Dann blicken wir doch auf die Landesebene. In Ihrem Landesverband Sachsen schmelzen sowohl die CDU als auch ihre derzeitigen Koalitionspartner in Umfragen dahin, während die AfD immer weiter zulegt.

Sachsen könnte drohen, was wir in Thüringen sehen: Es wird unheimlich schwer, überhaupt noch demokratische Koalitionen zu finden. Mehr Kompromisse werden nötig, die musst du deinen Leuten erklären, und am Ende zahlt das aufs Konto derer ein, die vermeintlich einfache Wahrheiten versprechen.

Ist das Problem der CDU aber nicht auch ein internes – die Suche nach neuem Sinn?
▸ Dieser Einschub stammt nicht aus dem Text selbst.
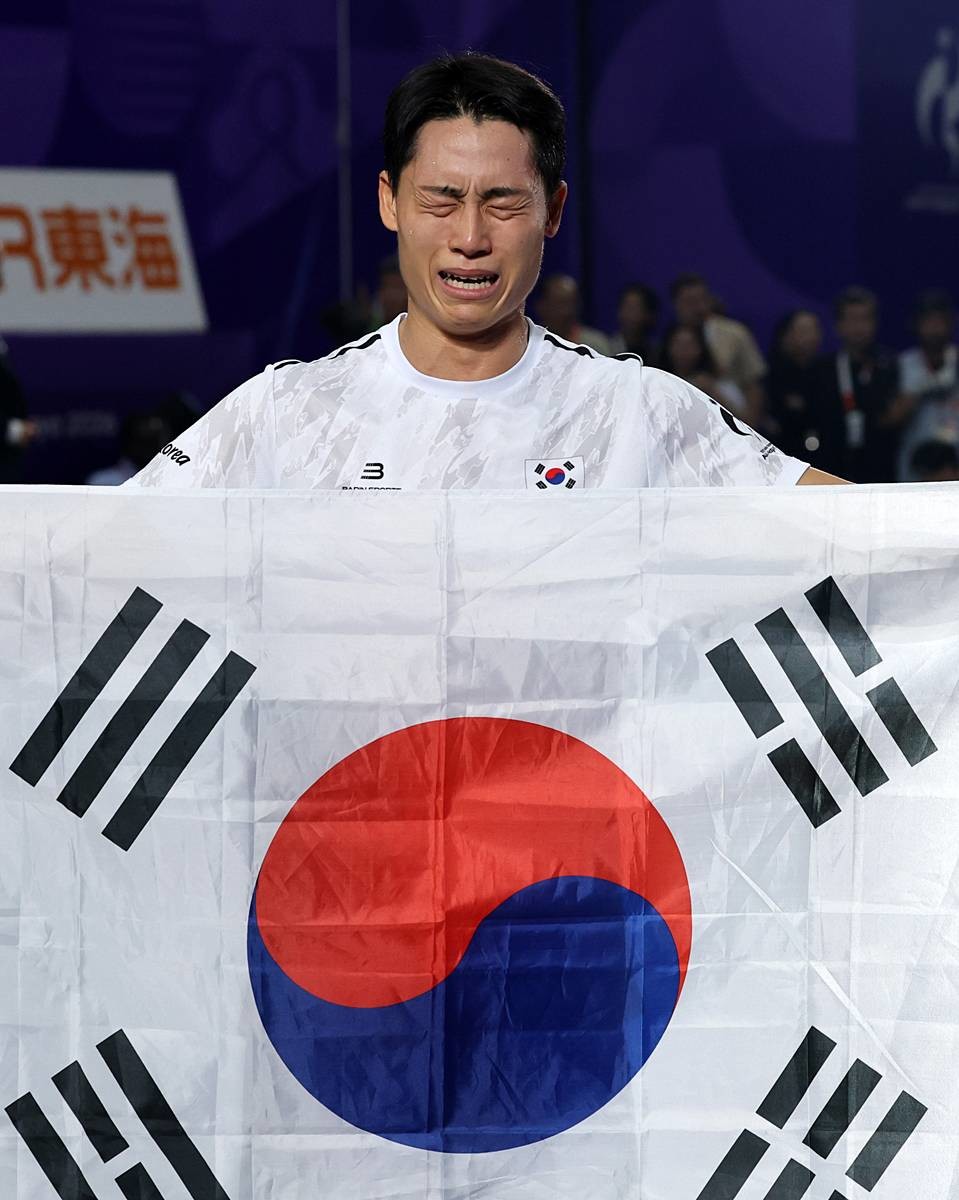한국 테크볼 사상 첫 국제종합스포츠대회 메달리스트가 된 이준석이 20일 일본 나고야 히가시 스포츠센터에서 열린 2026 아이치·나고야 아시안게임 테크볼 남자 단식 결승전에서 금메달을 따낸 후 태극기를 들고 눈물을 흘리고 있다 / 뉴스1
Wir mussten erst mal wieder ein Stück weit Opposition lernen, das haben wir mittlerweile geschafft. Wir machen mehrheitlich konstruktive Oppositionsarbeit. Ich würde mir wünschen, dass wir nicht nur mit besseren Rezepten als die Ampel werben, sondern auch häufiger darauf verweisen: Wir hatten zuletzt 16 erfolgreiche Jahre Bundesrepublik mit einer ausgezeichneten Kanzlerin. Jetzt ist es schlechter mit der Ampel.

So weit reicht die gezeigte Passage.